Uraz's R Blog: Scraping Data from Wikipedia Tables

I’ve scraped many websites, and scraping Wikipedia is by far the simplest. This post will teach you how to scrape tables from Wikipedia and how to clean the data that has been scraped.

The two urls we’ll use are given below.

https://en.wikipedia.org/wiki/Democracy_Index

The index is based on 60 indicators grouped in five different categories, measuring pluralism, civil liberties and political culture.

https://en.wikipedia.org/wiki/Corruption_Perceptions_Index

The index which ranks countries by their perceived levels of public sector corruption, as determined by expert assessments and opinion surveys.

For more information, please see the URLs above.

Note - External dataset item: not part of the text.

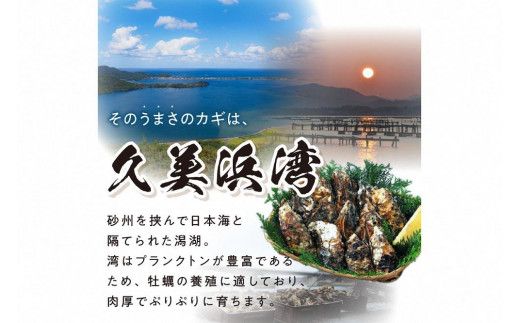 京都・久美浜産　殻付き牡蠣　3kg（30個前後）【加熱用】牡蠣ナイフ付　MN00065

The index scores of countries participating in the Shanghai Cooperation Organization Summit in 2022 will be compared to those of countries that are not members of the organization.

library(rvest)
library(tidyverse)

url1 <- "https://en.wikipedia.org/wiki/Democracy_Index"
url2 <- "https://en.wikipedia.org/wiki/Corruption_Perceptions_Index"

participants <- c(
  "China",
  "Russia",
  "Kyrgyzstan",
  "Tajikistan",
  "Kazakhstan",
  "Uzbekistan",
  "India",
  "Pakistan",
  "Iran",
  "Turkmenistan",
  "Mongolia",
  "Belarus",
  "Turkey",
  "Azerbaijan"
)

While scraping the Democracy Index table, we followed the steps outlined below.

Read HTML code using the read_html() function
Get tables using the html_table() function
The 6th table in the list is the one we want (by running the first two lines of code, you can see all of the tables)
Select country and score columns
Divide the countries based on the previously stated criteria
Rename score column

democracy <- read_html(url1) %>% 
  html_table() %>% 
  .[[6]] %>% 
  select(3,5) %>% 
  mutate(
    Shanghai = ifelse(
      Country %in% participants, "Shanghai", "Non-Shanghai"
    )
  ) %>% 
  rename(
    "Democracy"=2
  )

While scraping the Corruption Index table, we followed the steps outlined below.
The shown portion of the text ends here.